İzzet DÖNMEZ
Son günlerde bazı popüler gazetecilerin mafya liderleri ile yaşadığı çarpık ilişkiler, toplumu ciddi şekilde sarsıyor.
Bunlar halbuki benim için hiç sürpriz şeyler değil.
Geçmişte gördüğüm ve yaşadığım öyle olaylar var ki,
Bana hiçbir şey sürpriz gelmiyor.
Yakın bir tarihte bizzat başımdan geçen bir olayı sizlerle paylaşayım.
Ondan sonra esas konuya gelelim;
2018 yılında SATSO seçimleri var.
Bir iş adamı olarak her daim SATSO seçimlerinde tarafım.

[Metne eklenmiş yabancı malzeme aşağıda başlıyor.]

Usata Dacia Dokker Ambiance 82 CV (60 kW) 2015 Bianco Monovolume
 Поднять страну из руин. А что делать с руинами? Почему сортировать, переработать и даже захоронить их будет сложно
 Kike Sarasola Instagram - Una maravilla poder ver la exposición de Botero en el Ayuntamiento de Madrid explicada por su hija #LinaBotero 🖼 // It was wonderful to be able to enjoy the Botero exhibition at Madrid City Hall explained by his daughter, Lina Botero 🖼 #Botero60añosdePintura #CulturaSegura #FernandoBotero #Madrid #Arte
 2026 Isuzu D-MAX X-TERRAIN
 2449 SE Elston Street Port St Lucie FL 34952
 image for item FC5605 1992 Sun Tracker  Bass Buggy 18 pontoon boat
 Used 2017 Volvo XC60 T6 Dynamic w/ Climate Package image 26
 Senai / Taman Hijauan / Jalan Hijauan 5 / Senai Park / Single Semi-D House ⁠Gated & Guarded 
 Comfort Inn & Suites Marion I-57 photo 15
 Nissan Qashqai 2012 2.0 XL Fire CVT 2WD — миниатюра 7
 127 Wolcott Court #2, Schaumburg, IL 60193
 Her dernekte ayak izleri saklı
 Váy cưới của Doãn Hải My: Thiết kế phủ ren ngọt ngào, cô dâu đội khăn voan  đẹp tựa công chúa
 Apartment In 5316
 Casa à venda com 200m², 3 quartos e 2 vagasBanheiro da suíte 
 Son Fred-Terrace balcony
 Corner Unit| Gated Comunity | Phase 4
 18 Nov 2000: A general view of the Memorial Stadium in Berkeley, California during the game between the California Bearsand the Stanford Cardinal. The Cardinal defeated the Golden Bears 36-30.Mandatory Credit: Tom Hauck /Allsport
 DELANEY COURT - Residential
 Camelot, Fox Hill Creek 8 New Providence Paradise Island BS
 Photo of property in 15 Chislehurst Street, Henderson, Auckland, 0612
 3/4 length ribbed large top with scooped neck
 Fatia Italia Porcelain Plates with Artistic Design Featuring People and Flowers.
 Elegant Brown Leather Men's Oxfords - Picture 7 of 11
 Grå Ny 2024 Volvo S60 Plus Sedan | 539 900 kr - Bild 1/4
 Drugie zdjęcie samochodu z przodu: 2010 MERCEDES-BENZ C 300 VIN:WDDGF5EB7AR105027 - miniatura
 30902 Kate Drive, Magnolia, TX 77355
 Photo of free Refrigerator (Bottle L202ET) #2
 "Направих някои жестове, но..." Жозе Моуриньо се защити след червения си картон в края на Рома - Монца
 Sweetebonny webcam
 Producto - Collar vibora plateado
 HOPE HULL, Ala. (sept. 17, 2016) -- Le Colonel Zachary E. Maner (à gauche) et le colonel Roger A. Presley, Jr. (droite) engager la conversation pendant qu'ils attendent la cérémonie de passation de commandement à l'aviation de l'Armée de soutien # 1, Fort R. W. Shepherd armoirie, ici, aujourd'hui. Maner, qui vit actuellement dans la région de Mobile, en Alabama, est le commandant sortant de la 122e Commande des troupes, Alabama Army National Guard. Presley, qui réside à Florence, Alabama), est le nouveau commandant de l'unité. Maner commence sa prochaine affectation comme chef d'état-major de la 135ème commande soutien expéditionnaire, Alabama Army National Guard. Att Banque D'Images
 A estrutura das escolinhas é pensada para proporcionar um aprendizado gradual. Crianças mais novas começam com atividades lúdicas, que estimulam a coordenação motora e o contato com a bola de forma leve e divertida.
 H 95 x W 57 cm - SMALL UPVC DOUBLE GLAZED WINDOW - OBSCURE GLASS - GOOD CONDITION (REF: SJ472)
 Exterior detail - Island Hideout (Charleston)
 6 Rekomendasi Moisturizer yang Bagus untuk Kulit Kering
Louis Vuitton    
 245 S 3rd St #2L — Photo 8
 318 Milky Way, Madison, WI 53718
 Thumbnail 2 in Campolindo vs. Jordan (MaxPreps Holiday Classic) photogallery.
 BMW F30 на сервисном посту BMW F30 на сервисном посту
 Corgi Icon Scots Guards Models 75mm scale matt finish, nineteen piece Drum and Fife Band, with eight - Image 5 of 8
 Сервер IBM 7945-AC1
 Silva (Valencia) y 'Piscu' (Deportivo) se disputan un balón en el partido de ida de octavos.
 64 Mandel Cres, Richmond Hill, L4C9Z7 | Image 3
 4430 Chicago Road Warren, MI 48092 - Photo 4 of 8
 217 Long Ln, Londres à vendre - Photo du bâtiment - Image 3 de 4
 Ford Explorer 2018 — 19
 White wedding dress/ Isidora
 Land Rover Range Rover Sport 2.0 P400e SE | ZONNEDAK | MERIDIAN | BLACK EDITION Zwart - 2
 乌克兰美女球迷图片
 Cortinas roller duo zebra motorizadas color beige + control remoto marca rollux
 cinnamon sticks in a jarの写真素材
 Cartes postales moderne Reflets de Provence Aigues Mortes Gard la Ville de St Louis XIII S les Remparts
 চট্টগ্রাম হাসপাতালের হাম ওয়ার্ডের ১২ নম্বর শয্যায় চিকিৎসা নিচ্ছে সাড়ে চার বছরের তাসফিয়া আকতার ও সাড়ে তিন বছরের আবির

Defalarca o kurumda seçilerek görev yaptım.
2018 seçimlerinde aday değilim.
Çünkü 2016 yılında görevimin bitmesine 2 yıl kala sağlık nedenleri ile istifa ettim.
40 yıldır içinde olduğum kurumda çok önemli isimlerden birisiyim.
Adaylığı düşünen arkadaşlarda benden destek talep ediyor.
Vicdani kanaatime uygun olarak bir arkadaşımıza destek veriyorum.
Bu isim, şu andaki Yönetim Kurulu Başkanı Akgün Altuğ.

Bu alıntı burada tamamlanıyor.